2. The apparatus of claim 1, wherein each pinhole of the array of
pinholes is spaced at least three times the separation of features
being measured on the imaging system.
3. A method of using the apparatus of claim 1, the method
comprising: imaging the apparatus illuminated to form an initial
image; smoothing the initial image; and subtracting the initial
image from the smoothed initial image to form a calibrated
image.
4. The method of claim 3, the method further comprising:
partitioning the calibrated image into a plurality of regions, each
region comprising at least one pinhole; creating at least one
subimage from a selected region of the plurality of regions; and
normalizing any features located in the at least one subimage.
5. The method of claim 4, further comprising: determining an
intensity weighted centroid associated for each pinhole located in
the at least one subimage; and shifting the intensity weighted
centroid to a middle of the subimage.
6. The method of claim 5, further comprising averaging the at least
one subimage to provide a final signal-to-noise point spread
function ("PSF") image.
7. The method of claim 5, further comprising using median
aggregation on the at least one subimage to provide a
signal-to-noise PSF image.
8. The method of claim 3, the method further comprising: convolving
the calibrated image with a feature profile to form a convolved
image; and quantifying the convolved image using a user's algorithm
at a selected pinhole and neighboring pinholes to the selected
pinhole.
9. The method of claim 8, the method further comprising determining
a cross-talk coefficient for the selected pinhole in each neighbor
direction divided by a convolved pinhole flux.

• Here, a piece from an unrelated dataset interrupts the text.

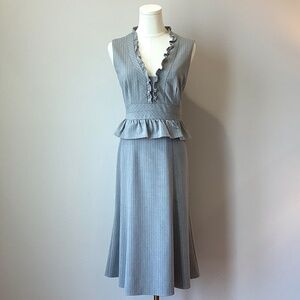 Nanette Lepore Grey Pinstripe Deep-V "Gemini" Dress - Size 6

10. The method of claim 9, further comprising estimating a
signal-to-noise ratio for the selected pinhole by aggregating the
values associated with the neighboring pinholes for each
direction.
11. An apparatus comprising of means for performing the method of
claim 3.
12. A computer-readable medium comprising computer-executable
instructions for performing the method of claim 3.
13. A system comprising of: a calibration plate; a light source
configured to illuminate the calibration plate; and a processor
configured to receive digitize image of an illuminated calibration
plate, wherein the processor is configured to image the illuminated
calibration plate to form an initial image, smoothing the initial
image, and subtract the initial image from the smoothed initial
image to form a calibrated image.
14. The system of claim 13, wherein the processor is further
configured to partition the calibrated image into a plurality of
regions, each region comprising at least one pinhole and create at
least one subimage from a selected region of the plurality of
regions.
15. The system of claim 14, wherein the processor is further
configured to normalize any features located in the at least one
subimage.
16. The system of claim 15, wherein the processor is further
configured to determine an intensity weighted centroid associated
for each pinhole located in the at least one subimage and shift the
intensity weighted centroid to a middle of the subimage.

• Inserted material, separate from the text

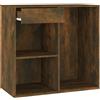 Tidyard Armadietto Cosmetici,Libreria Scaffale,Libreria a 3 Cubi,Scaffale in Legno,Armadietto per Soggiorno Studio Ufficio Camera da Letto,Rovere Fumo 80x40x75 cm Legno Multistrato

17. The system of claim 14, wherein the processor is further
configured to average the at least one subimage to provide a final
signal-to-noise point spread function ("PSF") image.
18. The system of claim 17, wherein the processor is further
configured to use median aggregation on the at least one subimage
to provide a signal-to-noise PSF image.
19. The system of claim 18, wherein the processor is further
configured to convolve the calibrated image with a feature profile
to form a convolved image and quantify the convolved image using a
user's algorithm at a selected pinhole and neighboring pinholes to
the selected pinhole.
20. The system of claim 19, wherein the processor is further
configured to determine a cross-talk coefficient for the selected
pinhole in each neighbor direction divided by a convolved pinhole
flux.
Description
FIELD
[0001] This invention relates generally to processing data. More
particularly, embodiments relate to methods and apparatus for
compensating for spatial cross-talk.
DESCRIPTION OF THE RELATED ART
[0002] A signal that is physically isolated, for example, light
coming from a well in a plate, is observed to be spread out when
imaged in an optical imaging system. The blurring is due to a point
spread function of the sensor of the optical imaging system. This
introduces optical cross-talk in neighboring feature signals and
therefore systematic errors in the quantification of the features.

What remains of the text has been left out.